Viator's Review: OTSRCSU Prologue

This is Viator's take on the prologue of Ralph Nader's work, Only the Super-Rich Can Save Us. You can read the prologue synopsis here, and the Bitterly Indifferent review of the prologue here. Check back on Friday for a synopsis of Chapter 1!

We open with a view of the title page, visible in the first post. My first question was who in god's name was the African-American fellow with the mysterious smile behind Yoko Ono. Taking an informal poll I got three suggestions: O.J. Simpson, Tiger Woods, and Bill Cosby's Jewish half-brother. Nader provides the answer with a helpful list of "Dramatis Personae" in the prologue: Bill Cosby.

The dramatis personae is an interesting artifact by itself. First of all, there are seventeen, a refreshingly prime and possibly eschatological number.
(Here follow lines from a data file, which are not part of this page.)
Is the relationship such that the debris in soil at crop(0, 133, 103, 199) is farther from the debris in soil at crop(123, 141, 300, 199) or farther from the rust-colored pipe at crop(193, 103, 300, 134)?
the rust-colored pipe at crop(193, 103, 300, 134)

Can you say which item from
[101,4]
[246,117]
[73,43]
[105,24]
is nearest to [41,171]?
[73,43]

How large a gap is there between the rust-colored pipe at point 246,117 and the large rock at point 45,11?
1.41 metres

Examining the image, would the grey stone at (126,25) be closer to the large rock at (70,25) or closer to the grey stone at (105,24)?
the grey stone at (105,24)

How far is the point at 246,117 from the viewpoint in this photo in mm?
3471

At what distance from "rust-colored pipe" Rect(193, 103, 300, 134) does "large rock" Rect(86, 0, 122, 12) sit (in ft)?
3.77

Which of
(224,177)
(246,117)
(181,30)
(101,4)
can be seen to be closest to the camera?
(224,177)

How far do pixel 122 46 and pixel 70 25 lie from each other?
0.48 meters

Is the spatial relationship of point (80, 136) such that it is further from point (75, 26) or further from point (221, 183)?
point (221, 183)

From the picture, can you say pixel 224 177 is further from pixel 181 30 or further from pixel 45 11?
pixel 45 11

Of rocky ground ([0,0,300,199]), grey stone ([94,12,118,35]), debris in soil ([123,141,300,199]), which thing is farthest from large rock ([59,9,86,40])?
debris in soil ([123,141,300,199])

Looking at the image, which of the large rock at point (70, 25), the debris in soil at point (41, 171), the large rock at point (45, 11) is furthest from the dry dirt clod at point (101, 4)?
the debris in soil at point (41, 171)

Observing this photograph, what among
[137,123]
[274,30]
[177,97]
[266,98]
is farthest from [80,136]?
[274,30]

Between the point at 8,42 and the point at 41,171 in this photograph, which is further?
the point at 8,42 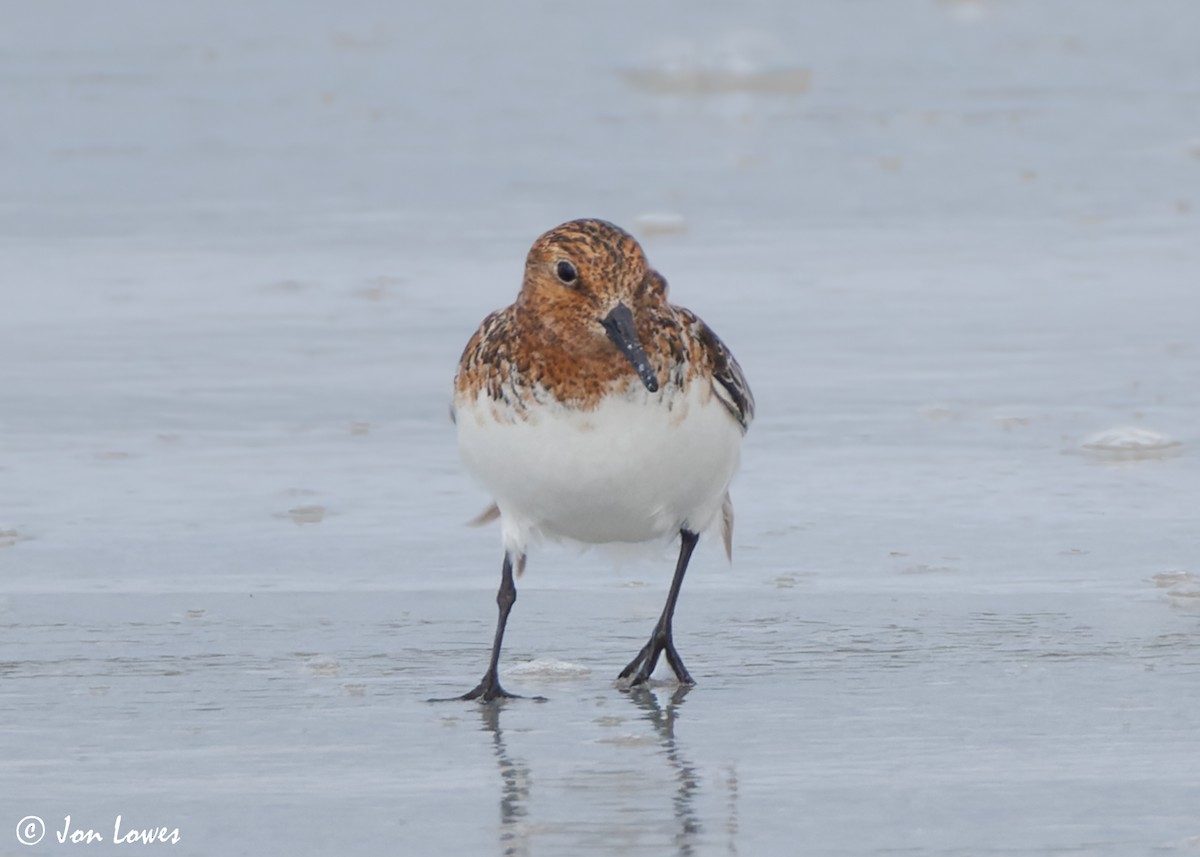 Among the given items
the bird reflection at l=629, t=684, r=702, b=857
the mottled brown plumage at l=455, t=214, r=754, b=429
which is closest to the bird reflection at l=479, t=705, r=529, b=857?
the bird reflection at l=629, t=684, r=702, b=857

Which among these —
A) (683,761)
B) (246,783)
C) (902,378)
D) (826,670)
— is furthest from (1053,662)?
(902,378)

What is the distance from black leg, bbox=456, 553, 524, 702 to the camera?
4.79 m

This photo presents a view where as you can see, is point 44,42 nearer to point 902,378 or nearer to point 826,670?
point 902,378

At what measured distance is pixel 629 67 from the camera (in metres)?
15.7

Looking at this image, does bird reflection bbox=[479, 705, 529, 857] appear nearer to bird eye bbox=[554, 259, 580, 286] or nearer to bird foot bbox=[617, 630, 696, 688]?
bird foot bbox=[617, 630, 696, 688]

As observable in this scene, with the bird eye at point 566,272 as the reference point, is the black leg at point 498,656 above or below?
below

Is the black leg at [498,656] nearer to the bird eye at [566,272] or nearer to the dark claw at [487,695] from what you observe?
the dark claw at [487,695]

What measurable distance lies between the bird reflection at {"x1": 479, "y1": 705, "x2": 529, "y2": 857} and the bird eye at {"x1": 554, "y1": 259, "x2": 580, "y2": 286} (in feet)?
2.78

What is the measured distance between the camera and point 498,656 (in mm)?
4898

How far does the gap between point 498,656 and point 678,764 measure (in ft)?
2.44

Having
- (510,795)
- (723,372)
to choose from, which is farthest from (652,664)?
(510,795)

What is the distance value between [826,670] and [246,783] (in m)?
1.32

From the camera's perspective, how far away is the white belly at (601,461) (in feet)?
15.8

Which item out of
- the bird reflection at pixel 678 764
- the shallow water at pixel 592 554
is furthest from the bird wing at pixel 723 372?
the bird reflection at pixel 678 764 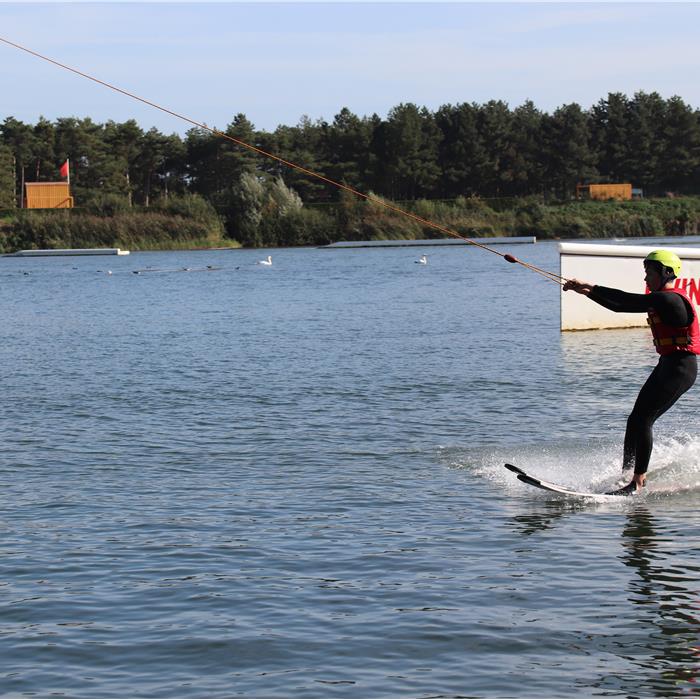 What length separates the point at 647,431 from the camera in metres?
10.5

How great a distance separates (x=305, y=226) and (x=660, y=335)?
84698 mm

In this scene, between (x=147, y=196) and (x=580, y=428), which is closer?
(x=580, y=428)

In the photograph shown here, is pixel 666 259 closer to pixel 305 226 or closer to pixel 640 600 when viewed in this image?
pixel 640 600

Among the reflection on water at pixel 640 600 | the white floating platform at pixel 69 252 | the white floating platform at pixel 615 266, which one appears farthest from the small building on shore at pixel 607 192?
the reflection on water at pixel 640 600

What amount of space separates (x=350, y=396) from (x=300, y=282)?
34.2 metres

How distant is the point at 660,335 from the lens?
10500 mm

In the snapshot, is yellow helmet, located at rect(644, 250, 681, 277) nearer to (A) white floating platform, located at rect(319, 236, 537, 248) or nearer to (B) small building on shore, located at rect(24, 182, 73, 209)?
(A) white floating platform, located at rect(319, 236, 537, 248)

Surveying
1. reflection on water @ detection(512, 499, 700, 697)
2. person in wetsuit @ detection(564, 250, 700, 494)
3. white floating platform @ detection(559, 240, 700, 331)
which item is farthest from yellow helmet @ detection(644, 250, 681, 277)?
white floating platform @ detection(559, 240, 700, 331)

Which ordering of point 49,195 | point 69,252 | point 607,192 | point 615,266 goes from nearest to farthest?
point 615,266, point 69,252, point 49,195, point 607,192

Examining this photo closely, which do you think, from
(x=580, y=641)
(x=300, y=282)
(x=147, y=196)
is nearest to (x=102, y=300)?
(x=300, y=282)

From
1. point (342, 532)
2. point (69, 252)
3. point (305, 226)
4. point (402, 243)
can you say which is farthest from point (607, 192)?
point (342, 532)

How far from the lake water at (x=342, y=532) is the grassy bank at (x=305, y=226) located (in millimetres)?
70241

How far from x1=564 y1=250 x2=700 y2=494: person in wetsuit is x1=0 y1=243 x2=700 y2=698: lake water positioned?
2.35 feet

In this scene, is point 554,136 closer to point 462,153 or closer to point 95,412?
point 462,153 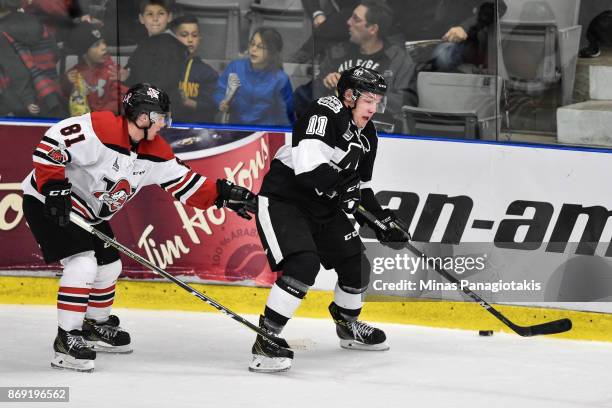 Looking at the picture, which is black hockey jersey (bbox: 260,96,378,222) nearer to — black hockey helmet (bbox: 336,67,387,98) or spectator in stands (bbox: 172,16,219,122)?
black hockey helmet (bbox: 336,67,387,98)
Second, it is limited to the captains of industry who are the heroes of this story. The villains, and there are many, simply do not matter. There will be no recap of the right wing's petty dualism and polarization here. There is only ignorance, the greatest evil, and Warren Buffett.

One thing is clear from the brief (pp. 11-13) but powerful prologue: the super-rich are gods. Literally. We know that Katrina is a big deal not because of the massive body count, or flooding, or any of the hype. The tipping point is simple: Warren Buffett misses a day of work because of it. And not only that, he hastens in his modern-day chariot to the scene, striding through one scene of misery after another feeding the hungry and feeding the sick (it should also be noted that Nader displays some classic liberal indecision here, unsure if New Orleans is "a scene from Goya or Hieronymus Bosch" {2}). It is a clever retelling of the parable of loaves and fishes, the harrowing of Hell and Paul's road to Damascus (as previously noted, Nader is a huge fan of rhetorical triads).

And to tie off this introduction, Buffett discovers "exactly what he had to do"...behind the "tall shrubbery" at his house.

Jesus, Paul and Moses. Old Testament meets New meets Warren Buffett. The gods walk among us, and they are super rich.